CHICAGO - Consumers are bombarded these days with a multitude of suggestions to make their lives "greener." For many of them, changes start at home.

That's not a bad idea: The government estimates that the energy Americans use just to run their homes makes up 21 percent of total energy use throughout the country. And that statistic doesn't even touch on the other environmental issues that can be addressed in a home, including water conservation and indoor air quality.

In an effort to make homes friendlier to the environment and cleaner to the people who live in them, manufacturers have been busy refining their home products. At the recent International Builders' Show, green products - from paint to appliances - were everywhere. "When you go shopping now, it's not even a buzzword anymore - it's expected," said Calli Schmidt, a spokeswoman for the National Association of Home Builders, referring to the "green" labeling of products. The NAHB sponsors the show. Despite the many substantial investments that can make a home greener, smaller incremental changes often do count, Schmidt said. For example, the federal Energy Star program claims that the country would save $600 million in energy costs annually - or enough to light 3 million homes for a year - if every household in the United States changed one light bulb to an Energy Star compact fluorescent light bulb. Properly insulating a home is another way to increase its energy efficiency. But those interested in doing more might consider upgrading their homes with these five products. Some are new and some are just beginning to gain in popularity:

1. Washers that save energy and water

The newest washers are front loading, with features that use less water to clean clothes. Whirlpool, for example, has a washer that uses steam technology to save 73 percent of the water and 77 percent of the energy that top-load washers manufactured only four years ago use. A spin speed cycle is able to extract more water from clothes, cutting down on dryer time. Dishwashers are benefiting from steam technology too. The KitchenAid Steam Option dishwasher saves about 2,400 gallons of water over the life of the appliance.

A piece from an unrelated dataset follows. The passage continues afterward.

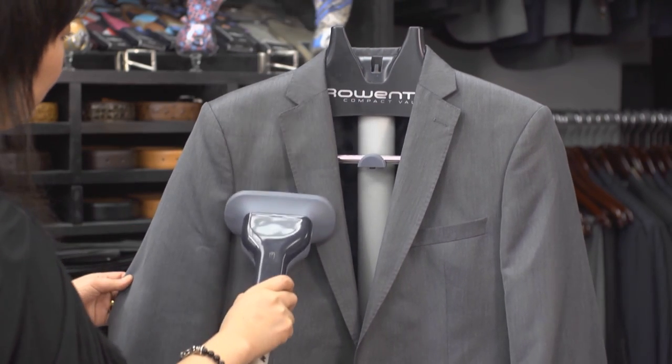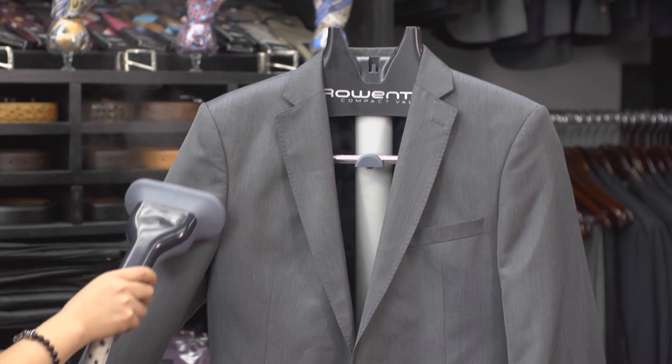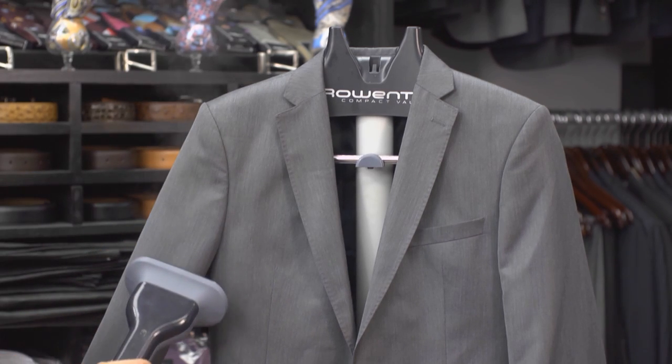Steaming is also effective as it opens up the fibers where the odors are trapped. Hang it near your shower with the bathroom door shut for maximum steam, or better, use a garment steamer if you have one.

2. Toilets that conserve water

In many homes, toilets are the biggest water users. To save water in the bathroom, manufactures are developing toilets that use less per flush. Some models take it a step further, using different amounts of water depending on the type of waste being flushed. Kohler has a Dual Force model under its Sterling brand that has two buttons on its tank: One allows 1.6 gallons for a "bulk" flush and another allows 0.8 gallons for "light waste" and liquid. Other single-flush toilets manage to use 20 percent less water than a traditional toilet, said Rob Zimmerman, senior staff engineer of water conservation initiatives at Kohler.

3. No-VOC paints

Paints have traditionally had some amount of volatile organic compounds present in them. Today's paints often have low amounts of the gasses that hurt a home's indoor air quality. A new product introduced at the show contains no VOCs at all. The Freshaire Choice line of paints is being offered at Home Depot stores. It claims to have no VOCs in the base or the tint, and the paint comes in recycled packaging. Generally, there has been an increasing awareness that poor indoor air quality can affect a family's health, said Deborah Jones Barrow, founder of, a Web site that offers suggestions for green living. "There is a lot of emphasis on increasing the health of the home environment," she said.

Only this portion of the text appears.